Another policy that was already in place is the Mission Act, which came in handy throughout the pandemic because it allows VA patients to receive care at out-of-network facilities.
“If veterans are not able to receive care in a VA facility – if they typically receive care in a VA facility and they’re unable to, for whatever reason – through the Mission Act, they can find providers and care outside of the VA system,” Armstrong said. “So we don’t want patients to unnecessarily be waiting for the care that they need.”
One of the biggest challenges for the VA during the pandemic was training their providers on how to actually deliver virtual care.
“So, [among] 400,000 health care providers all across the V.A. health care system, probably about 70% of them had to be trained immediately.
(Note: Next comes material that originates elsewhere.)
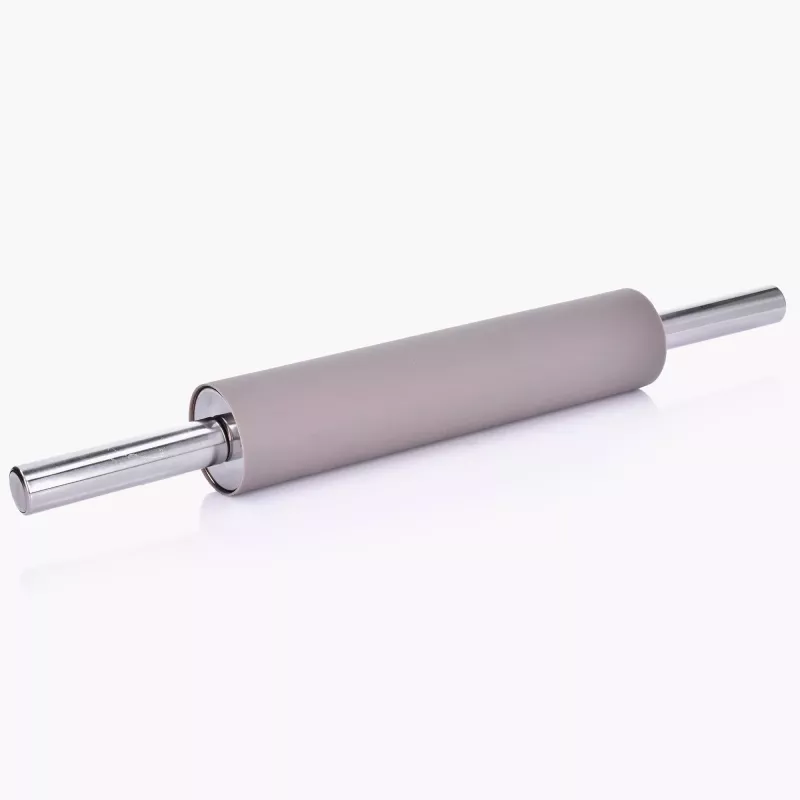 Wałek do ciasta DUKA SILC TOOL 45 cm szary silikon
And so that was huge,” Armstrong said.
But again, the health system was prepared. It already had virtual care specialists in its facilities who could offer in-person support, along with on-demand continued learning opportunities through the Connected Care Academy.
Despite its preparedness, there were still a number of gaps in the VA’s existing virtual care infrastructure that had to be addressed.
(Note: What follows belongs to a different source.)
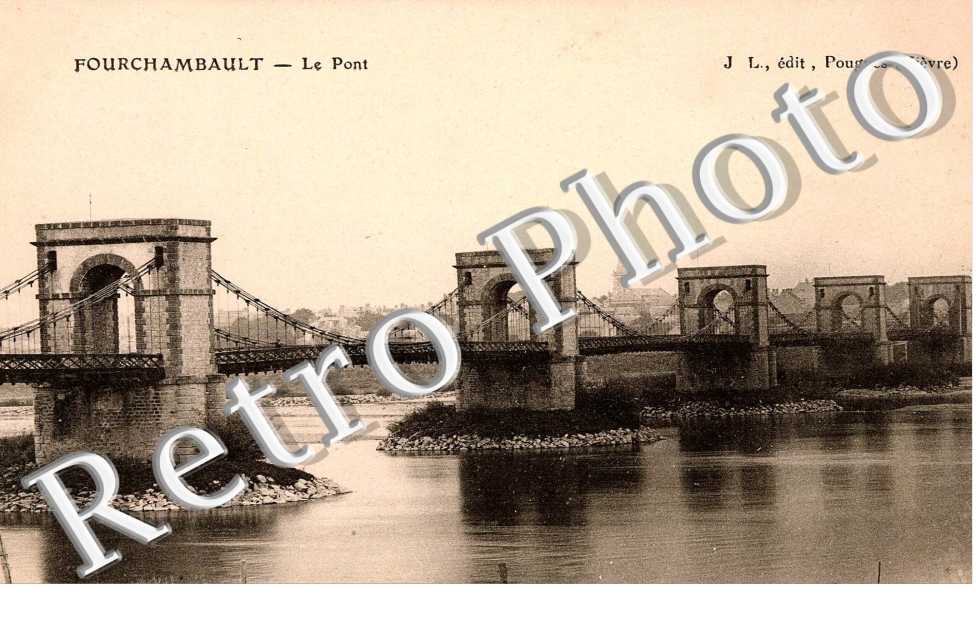 Le pont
“We heard people say, ‘Hey, look, I don’t have a house. I lost my job. I don’t have food, where do I get food?’ You know, just basic needs,” Armstrong said. “But we also heard a lot of people say, ‘Hey, you know, I’m feeling isolated. I’m feeling depressed. I’m feeling lonely. I have a lot of anxiety.’ We heard a lot of this, and not just with our patients, with our staff as well.”
In response, the VA developed and released a comprehensive resources app called COVID Coach, which provides educational tools for coping during the pandemic and mood-tracking to see mental health progress over time.
The health system also updated its automated texting platform, the Annie App, with new protocols that allow people to record their symptoms for clinicians to overview, check-in during quarantine and receive emotional support during times of isolation.
It created a coronavirus chatbot that could field patient questions and direct them to the correct place for support.
The VA also launched VVC Now, which allows providers to initiate a video visit by inputting the patient’s contact information and sending them a link to join.
Looking back, Armstrong believes that the VA was able to release all of these tools during the pandemic because it didn’t have to worry about standing up an entirely new system.
“A lot of other healthcare systems either kind of went to a standstill, or they were just barely keeping their head above water,” she said. “We felt like that. We felt like we were barely holding our head above water, just like everybody else. However, in retrospect, I see that it was because we had that solid foundation in place that we could think outside the box and really meet the need where it was at.”
Moving forward, the VA plans to go full steam ahead with virtual care. It’s currently working on incorporating wearables in the healthcare process to give patients control of their health data.
Armstrong will be speaking at HIMSS21 in Las Vegas on “COVID-19 Lessons Learned: The Invaluable Need for Virtual Care” on Tuesday, August 10, from 10:15 a.m. to 11:15 a.m. in Caesars Forum 128.